On peut aujourd’hui aisément faire relier un ouvrage à moindre coût (quelques centaines d’euros) mais également lui consacrer un budget important (quelques milliers d’euros) en fonction de sa dimension et de la complexité de réalisation de la reliure.
L’institution qui dispose d’un budget limité, pourra même se contenter d’une reliure de conservation voire d’une boîte de conservation, qui pourra répondre à des besoins urgents (transport de l’œuvre, exposition, consultation…).

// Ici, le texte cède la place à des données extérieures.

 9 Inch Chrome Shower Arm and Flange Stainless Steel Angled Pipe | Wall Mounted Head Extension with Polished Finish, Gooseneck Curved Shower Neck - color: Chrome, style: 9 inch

Destinée à protéger un ouvrage mais aussi à le sublimer, la reliure artistique est face à un paradoxe : celui de conserver une œuvre, l’ouvrage en l’occurrence, tout en rendant visible celle-ci. Toutefois, lorsque livre et reliure sont en parfaite osmose, est-il encore légitime de dissocier l’un et l’autre ? Ne forment-ils pas une œuvre unique, à part entière, qui doit être considérée comme une oeuvre d’art propre à être exposée ? Pendant longtemps, la reliure a été rangée parmi les arts décoratifs au même titre que la céramique, le textile, le bois, le verre… relevant ainsi d’un artisanat mais aussi d’un art de création. A la différence des autres disciplines, la reliure d’art, art visuel par excellence, ne peut être dissociée de l’objet qu’elle recouvre et qu’elle est sensée protéger et embellir. C’est la raison pour laquelle, elle est souvent comparée à la haute couture qui a pour vocation d’habiller et de sublimer le corps de la femme et de l’homme. Du reste, ne parle-t-on pas d’un corps d’ouvrage pour désigner l’ouvrage prêt à être paré ? Et de coiffe, de dos, de tranche de tête, de nerfs… pour désigner certaines parties de la reliure ?
Comparée à un vêtement, à une parure, la reliure tend à donner une épaisseur voire un surcroît d’existence au livre, et peut même dans certains cas hisser ce dernier au rang d’œuvre d’art. Par le livre un texte passe à l’existence, se donne pour visible. Ne pourrions-nous pas en dire autant de la reliure en ce qui concerne le livre ? Toute reliure est une interprétation d’un livre, de son contenu, de son ambiance, de « l’essence de son parfum » comme l’a fort justement souligné le grand artiste-décorateur Pierre Legrain. Elle acquiert dès lors le statut d’œuvre d’art, en ce sens où elle est le fruit d’une véritable création artistique tout autant que le livre qu’elle habille, et forme avec celui-ci un ensemble indissociable, une œuvre à part entière. Livres et reliures sont de nos jours liés par un même destin : celui de donner au texte et à ses illustrations la postérité qu’ils méritent.
La reliure d’art, devenue véritable art de création au cours du XXe siècle, a donc définitivement acquis son statut d’œuvre d’art muséale. L’émergence dans la seconde moitié du XXe siècle, d’expositions qui lui sont spécialement dédiées, en même temps que l’apparition d’institutions spécialisées, relevant à la fois de la bibliothèque et du musée, telle que la Bibliotheca Wittockiana à Bruxelles, témoignent amplement de cette évolution de la reliure vers un objet destiné à être montré et à être exposé. C’est là tout le caractère ambigu de la reliure contemporaine, à la fois couvrure et parure d’un livre, élément de protection tout autant que de décoration. Au-delà de son aspect visuel et esthétique, toute reliure d’art possède donc ses spécificités liées à l’architecture du livre et à son contenu. C’est là toute la richesse de cet art unique en son genre.